Network Modeling & Inference

SNA Module 4: Essential Readings

Author

LASER Institute

Published

March 12, 2024

Overview

In Lab 4 we shift our focus from mathematical approaches for describing networks to statistical approaches for explaining and ultimately predicting network properties and outcomes for those embedded within these networks. A secondary goal of readings and discussion is to help you start generating ideas for independent application of network analysis.
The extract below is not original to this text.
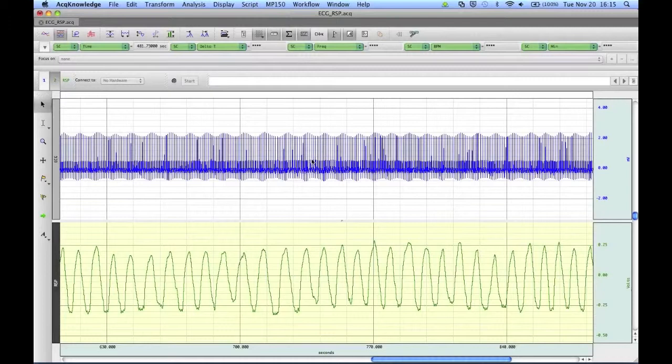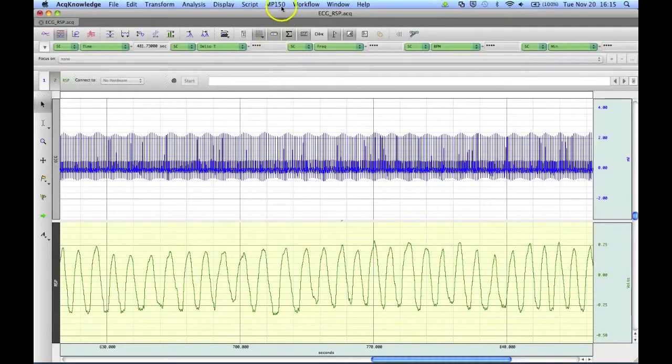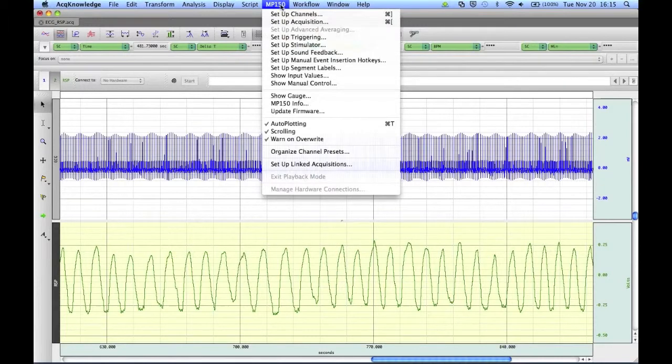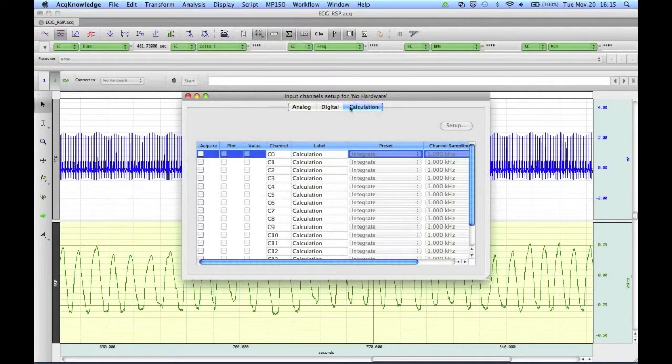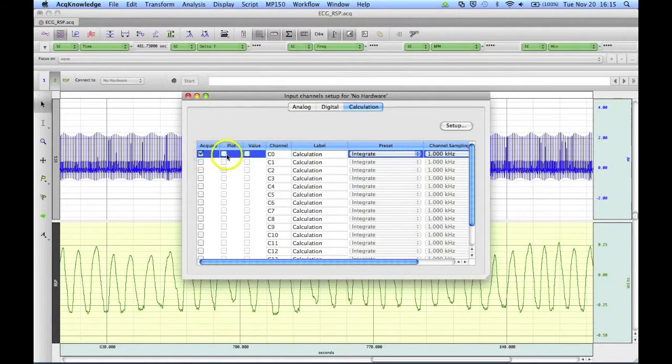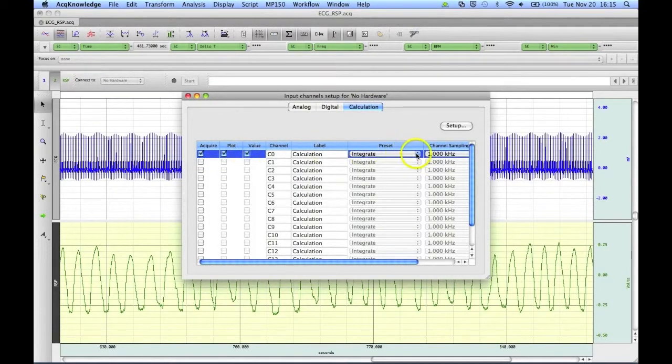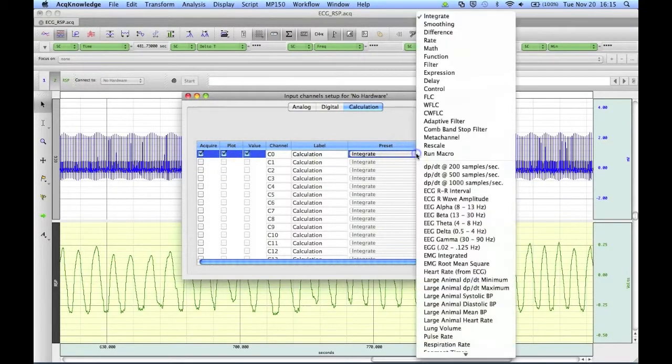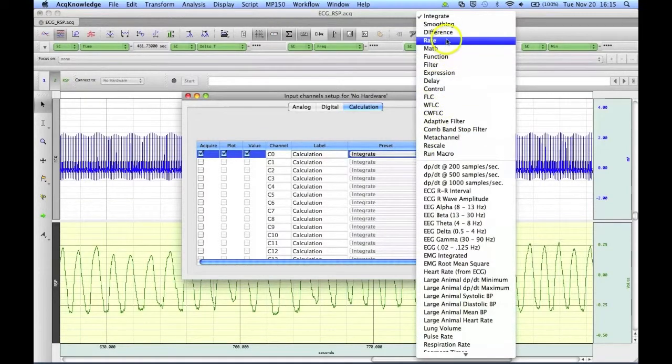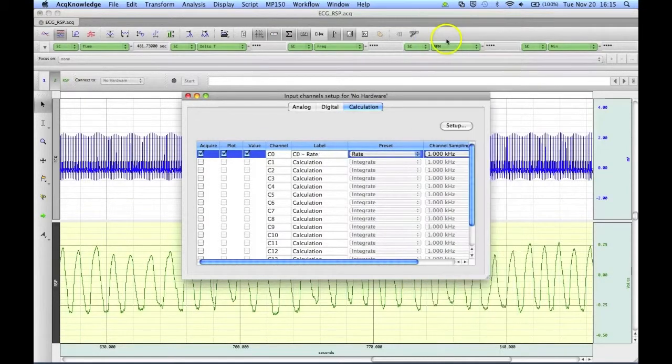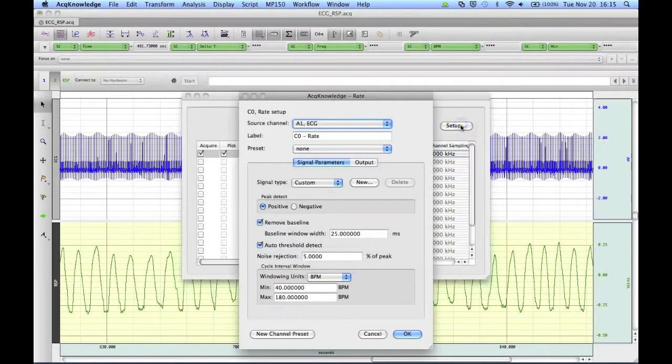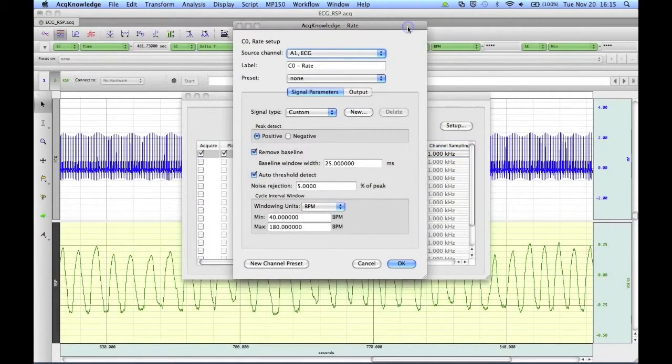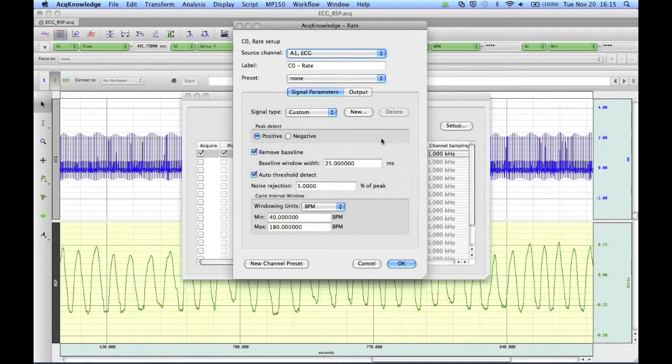To create a new rate preset as a calculation channel, we can go up to the MP150 menu, select Setup Channels, go to the Calculation tab, turn on a calculation channel, then choose Rate from the preset, then click the Setup button, and will be presented with a dialog box that contains our signal parameters.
As part of our readings, for example, you’ll be introduced to a range of questions that statistical models for network data can help answer.

Readings

The following readings move us beyond techniques introduced in Lab 1 & 2 for describing networks and focus on recent advances in inferential statistics that can be used to make predictions from social network data and test hypotheses we have about a network of interest. We’ll learn about different techniques that make use of simulations to model network data and how these statistical models are used to address questions that more completely reflect the complexity of educational settings.

  1. Chapter 8: An Introduction to Statistical Inference With Network Data

  2. Chapter 9: Network Data and Statistical Models

Reflection

To help guide your reflection on the readings, a set of guiding questions are provided below. After you have had a chance to work through one or more of the readings, we encourage you to contribute to our learning community by creating a new post to our Social Network Analysis Team on GitHub. Your post might contain a response to one or more of the guiding questions, questions you still have about the topics addressed, or insights gained into your own research.

Chapter 8: Statistical Inference With Network Data

  • Why are simulations necessary in order to make probabilistic inferences with network data?

  • Explain in plain language how simulations are used to create a probability distribution that enables you to make a statistical inference with network data.

  • Contrast the aims of the mathematical and statistical approaches to social network analysis. For what reasons would educational researchers prefer one approach versus the other?

Chapter 9: Network Data and Statistical Models

Using one of the studies mentioned throughout this chapter, identify the statistical model that was employed and answer one or more the following questions:

  • Do you think the choice of statistical model(s) used was appropriate?

  • If this same study were to use standard statistical models that assume independence among observations, how would this influence the study’s results?

  • Assume you had network data from an entire high school student body (N = 250) and were interested in predicting a student’s number of friends from covariates such as sex, grade level, and academic performance. What model would be most appropriate to test these relationships?